_Required work_:
From the listing below, set down exactly the lines between the one holding "Retrolisthesis" and the one holding "Tinea faciei oder", inclusive. No other line is wanted.

_Excerpted records_:
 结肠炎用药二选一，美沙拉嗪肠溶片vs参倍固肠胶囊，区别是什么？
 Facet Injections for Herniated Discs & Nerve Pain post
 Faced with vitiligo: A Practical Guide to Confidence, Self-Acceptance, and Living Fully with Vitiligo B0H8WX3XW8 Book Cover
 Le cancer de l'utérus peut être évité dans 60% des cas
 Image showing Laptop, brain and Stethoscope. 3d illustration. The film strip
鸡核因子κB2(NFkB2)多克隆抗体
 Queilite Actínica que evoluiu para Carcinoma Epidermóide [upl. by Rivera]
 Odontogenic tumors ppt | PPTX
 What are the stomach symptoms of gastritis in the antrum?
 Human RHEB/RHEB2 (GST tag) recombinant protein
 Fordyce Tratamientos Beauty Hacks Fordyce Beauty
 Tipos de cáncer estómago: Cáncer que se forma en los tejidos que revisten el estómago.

...

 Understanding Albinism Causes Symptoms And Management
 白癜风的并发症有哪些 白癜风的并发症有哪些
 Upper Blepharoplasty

...

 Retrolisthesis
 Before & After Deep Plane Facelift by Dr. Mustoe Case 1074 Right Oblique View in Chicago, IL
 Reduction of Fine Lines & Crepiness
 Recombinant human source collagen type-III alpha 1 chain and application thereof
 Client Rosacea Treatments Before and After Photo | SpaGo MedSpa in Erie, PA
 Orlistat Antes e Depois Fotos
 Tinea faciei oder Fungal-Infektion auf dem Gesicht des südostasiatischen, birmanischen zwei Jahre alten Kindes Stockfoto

_Result of the task_:
 Retrolisthesis
 Before & After Deep Plane Facelift by Dr. Mustoe Case 1074 Right Oblique View in Chicago, IL
 Reduction of Fine Lines & Crepiness
 Recombinant human source collagen type-III alpha 1 chain and application thereof
 Client Rosacea Treatments Before and After Photo | SpaGo MedSpa in Erie, PA
 Orlistat Antes e Depois Fotos
 Tinea faciei oder Fungal-Infektion auf dem Gesicht des südostasiatischen, birmanischen zwei Jahre alten Kindes Stockfoto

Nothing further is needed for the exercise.